Tuesday, May 16, 2006

Tom Cruise as a Metaphor for America








Tom Cruise has fallen off his perch, the Midas of Motion Pictures, the ace in a fly-boy suit, the original "Top Gun", the Hollywood Jet-Fighter: on-screen and off who always seemed to be able to hit his target especially if it was the box-office has come careening off his celluloid throne. Undone by none other than Tom Cruise, apparently. It would seem that Tom Cruise bought the line that unless your life is being recorded it's not worth living (hence the endless forays to Oprah's white couch, shot after shot of Tom in a crowd, Tom in Germany, Tom in Manhattan, Tom, Tom, Tom at Tom's premiere and yet another one of Tom at Tom's premiere with his zombiefied Katie doll supernaturally glued to his side, legs akimbo, eyes wide and blankly open, the ultimate Stepford wife).
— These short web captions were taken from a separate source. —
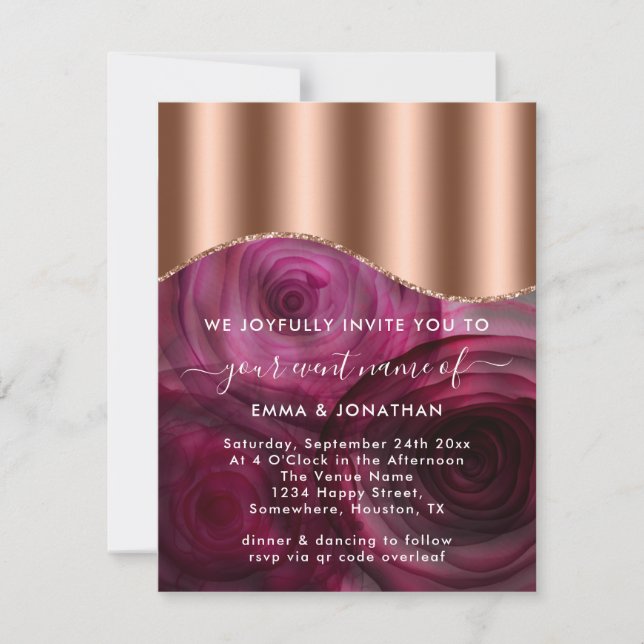 Rosas Floral Código QR Rosa Gold Copper Marsala Ro (Anverso)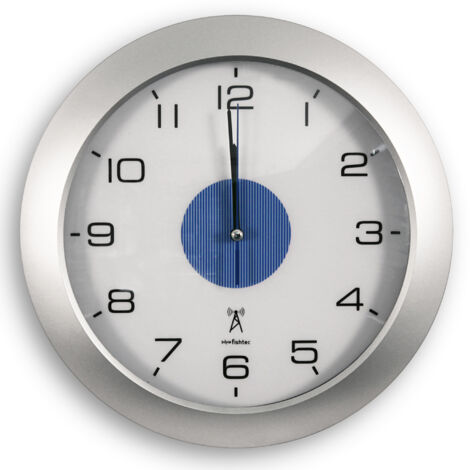 Fishtec – Horloge murale lumineuse Ø30 cm – 4 LED bleues – 3 modes d'éclairage – Radiopilotée avec réglage automatique été/hiver – Design moderne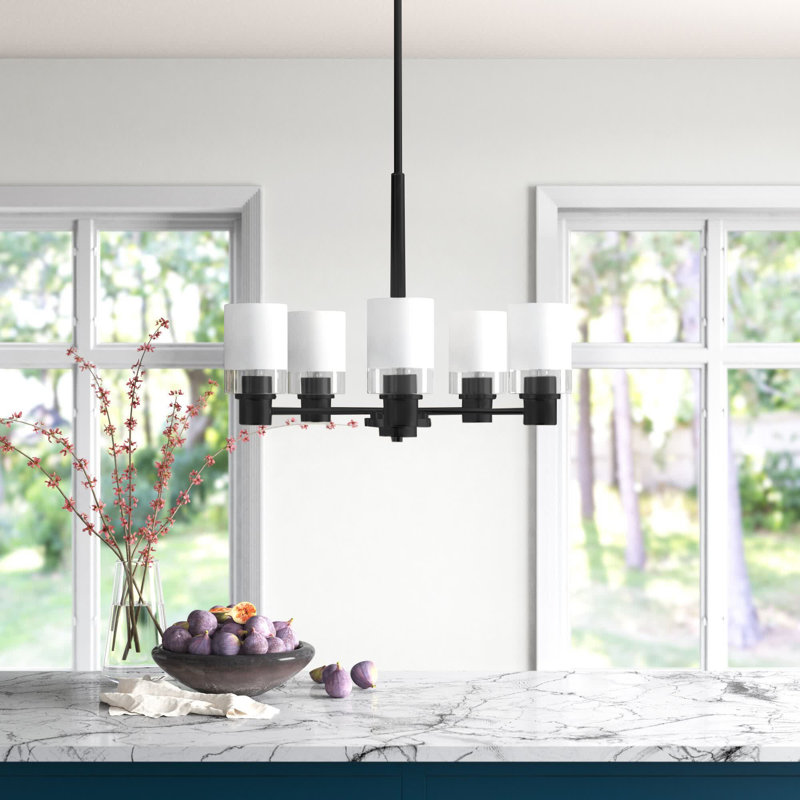 Lustre cylindrique Spoutnik Charvic Light, Noir mat, 5 lumières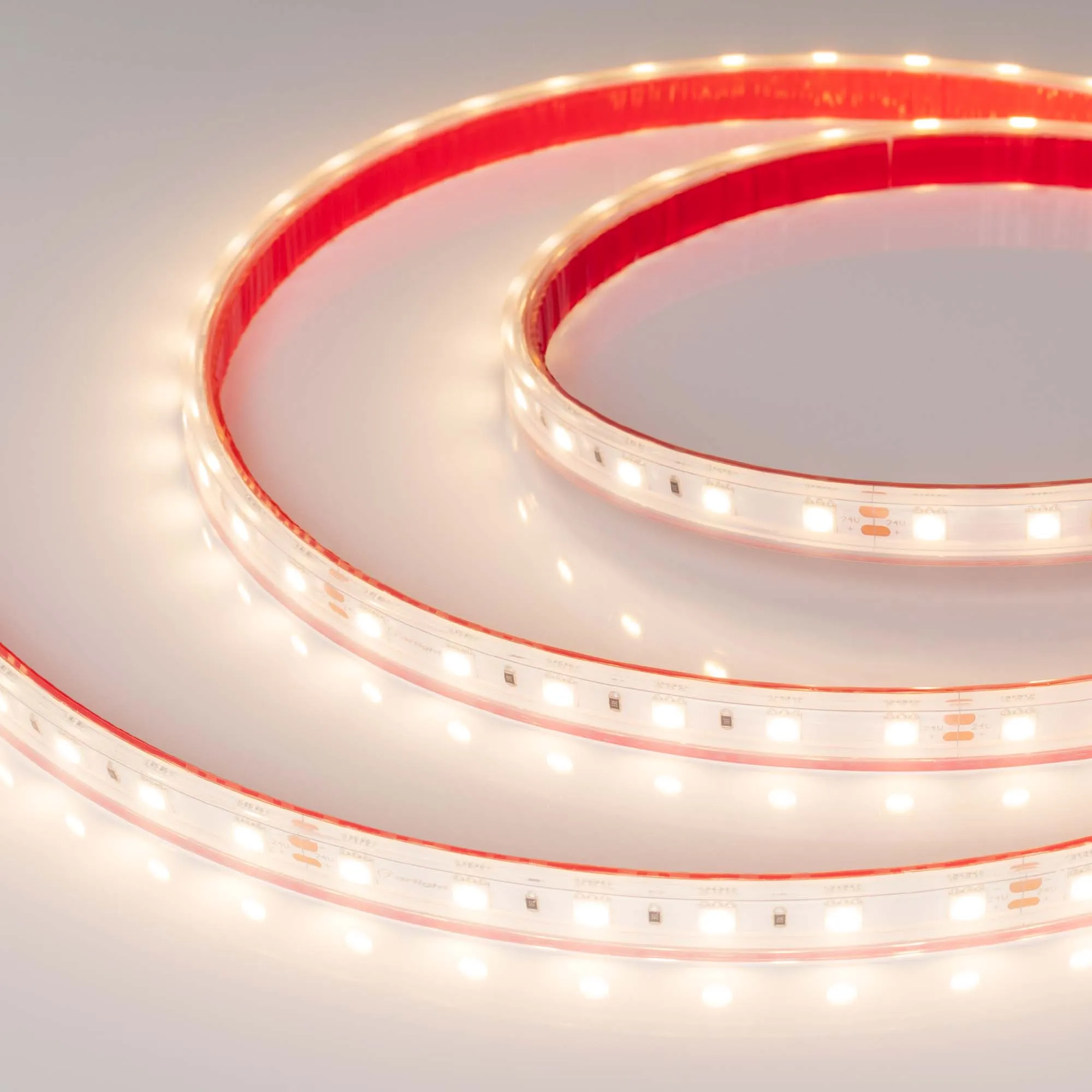 Лента светодиодная герметичная RTW-PS-B60-13mm 24V Warm3000 (14.4 W/m, IP67, 5060, 5m) (Arlight, 14.4 Вт/м, IP67) - изображение товара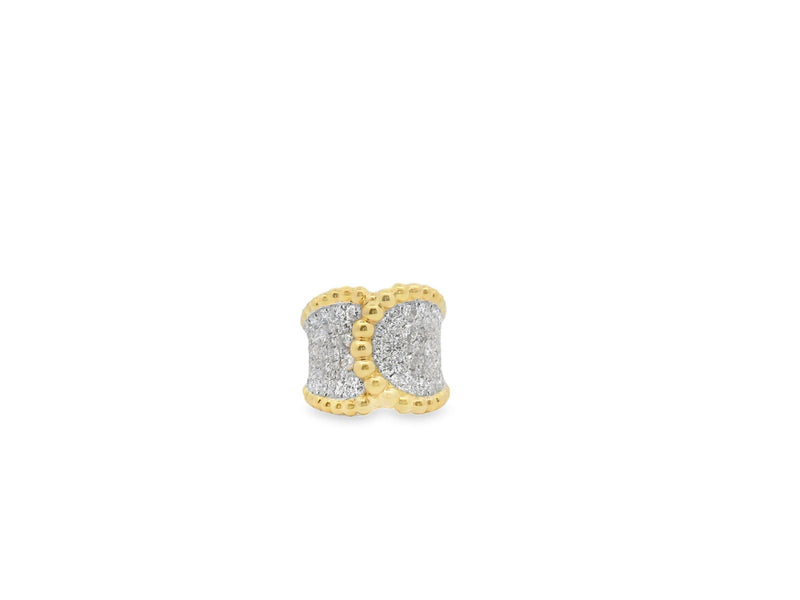 18kt Yellow Gold Beaded Pave Ring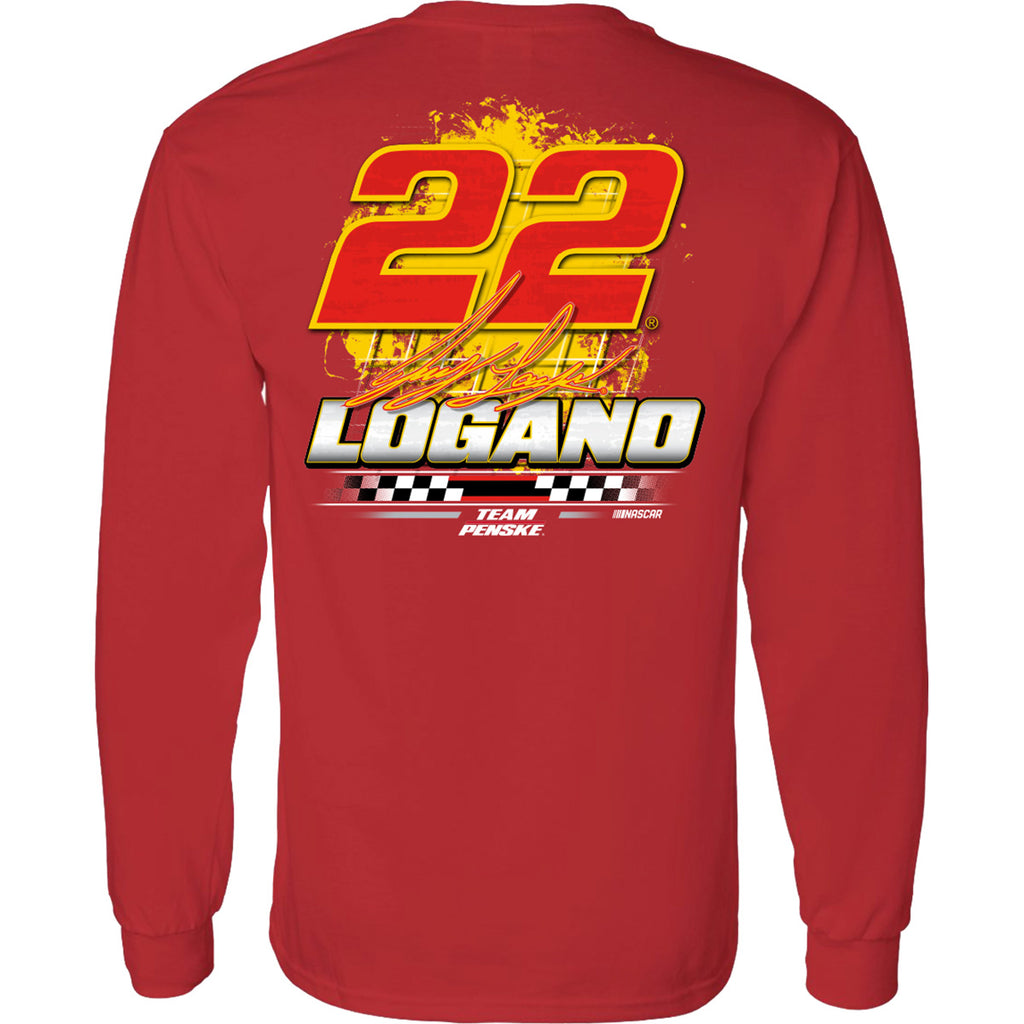 Joey Logano 2025 Long Sleeve Shell Pennzoil 2-Spot T-Shirt Red #22 NASCAR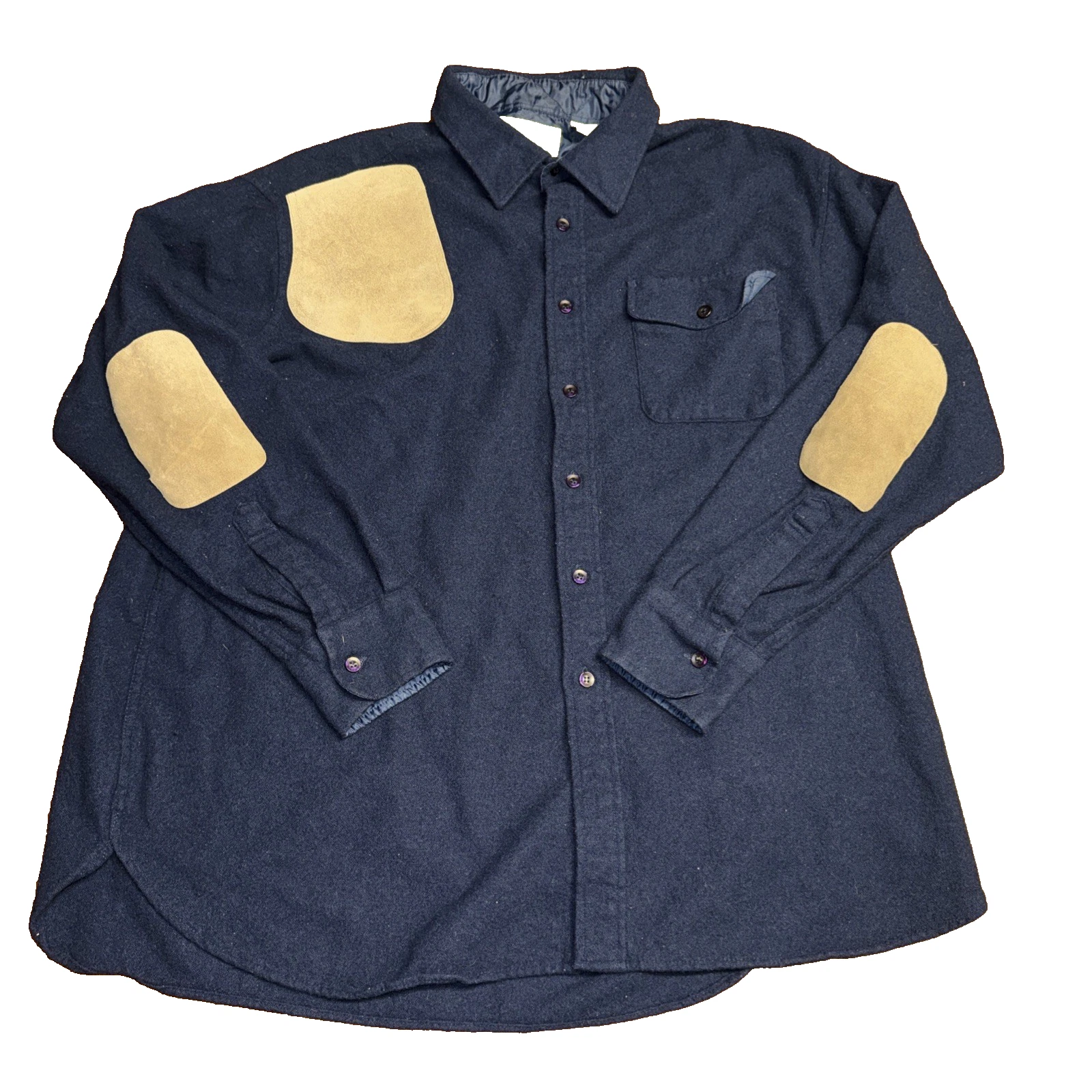 Gander Mountain 3XLT Navy Blue Leather Patches Button Up Wool Shirt Long Sleeve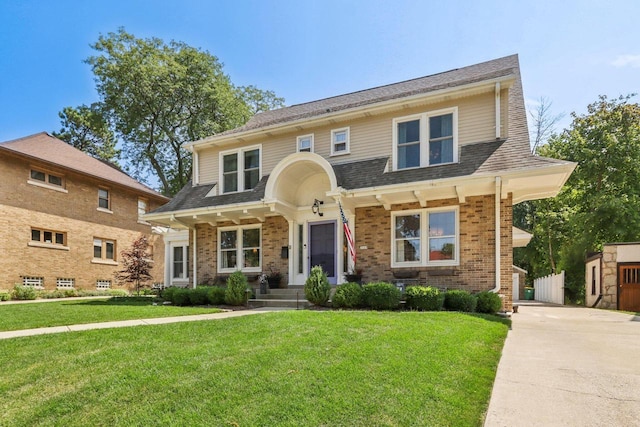 view of front of home featuring a front yard, brick siding, driveway, and roof with shingles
What set off the anti-Tom rebellion? His bizarre promotional blitz of his love affair with a teenage acting Katie Holmes revealed a certain kind of creepiness that everyone suspected was there - the blind allegence to all things Scientology, no sensible person would honestly follow the dicates of L.Ron Hubbard, and the whispers of Tom's homosexuality which are too frequently debated to not believe, on some level, must be true. Once the cracks became visible on Tom's carefully contructed shinier-than-thou persona - there was no going back. Even the audience as it watched yet another preview for Mission Impossible Three, as Tom speedboats, gets blown up, recovers only to get blown up again, and Philip Seymour Hoffman's beady eyes glistened with hambone delight at being a good actor playing the ultimate bad guy, to shots of Tom as he heartily kissed his love interest, a brunette that didn't look entirely dissimiliar from Ms. Holmes, despite the onslaught of images edited around one overriding concept (to make Tom's character, Ethan Hunt, but really just Tom look like the ultimate multi-national hero) you could still sense that the movie-going public didn't buy it - instead the prevailing sentiment of viewers seemed to be "I think that guy's kind of a wierdo now."

Tom seemed all powerful not to long ago like America itself; it seemed as if the man and the nation could do no wrong, bouncing back from every conceivable set-back with a bigger movie (last summer it was a Spielberg flick for which he got paid $100 million dollars) and a better photo-op. The problem is the audience can no longer be convinced to just sit back, in the dark, and escape into his invincible grin, the kilo-watt smile has taken on a faustian quality and it is almost possible to believe Tom signed on the dotted line long ago.

Eventually, the devil comes to claim his debt and to think otherwise is just... a mission impossible.